Every year in the spring Hungary celebrates Archaeology Day: Museums and other archeo-related institutions organize events for the public to make the occupation seem less mysterious. They open up labs and storage rooms, and educate people through letting them touch things they would normally only see through glass.
(Artifacts. I mean the artifacts.)

This year, since I got home in time to participate, I landed a gig with the Damjanich János Museum in Szolnok, who were planning a Sarmatian theme for their program. The city lies in a part of Hungary that used to be Sarmatian territory back in the good old Roman times, and pretty much any time someone puts a shovel down, Sarmatian stuff starts jumping out.

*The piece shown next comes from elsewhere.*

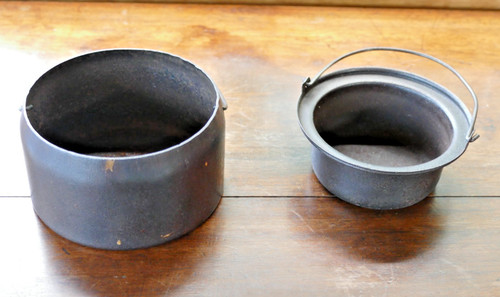 Small cast iron glue - pot,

I have always loved Sarmatians, and I had three good reasons to be excited for the gig:
1. I already had a period dress ready, courtesy of my Sarmatian SCA persona (follow the link for an awesome blog on the topic);
2. The gig involved telling Ossetian Nart sagas, on the account of the historical, ethnic and cultural relations between the Ossetians and the Sarmatians, and I freaking love those stories;
3. One of my best friends and former Archaeology classmate works at the museum, and I got a chance to see her.

I arrived to the museum with a pretty nasty cold, but my friend and the rest of the staff took excellent care of me. I got a place to rest, and tea, and food, and volunteers to usher people in and out of the storytelling space. Everyone was super excited for the stories, and they paid a lot of compliments to my dress reconstruction, which made me feel proud, since it came from people who deal with Sarmatian things on a daily basis. My friend, who presented the "Artifact Petting Zoo" portion of the program, even invited me to show the dress off to people as an illustration.
The first round of storytelling was the program for children titled "Giants, heroes, and tricksters." Since all the kids immediately got stuck at the "archaeology sandbox" digging feverishly for finds, the program started a little late. A little boy arrived first with his grandma, and was very shy; but once I started telling him a story, other flocked in too, and eventually I had a neat little audience of 15 or 20 people.  I told my favorite Nart story, in which the heroes dig up the bones of an ancient giant and bring him back to life to learn about how people lived in the past. If there has ever been a fitting story for Archaeology Day, this one was it. I also told the tale where the Narts go adventuring and they all get stuck in magical chairs, just to be rescued by Sirdon the Trickster before a bunch of giants eat them. I love this story not only for the humor, but also because it is a clear parallel to one of my favorite Irish Fianna legends, The Hostel of the Quicken Trees.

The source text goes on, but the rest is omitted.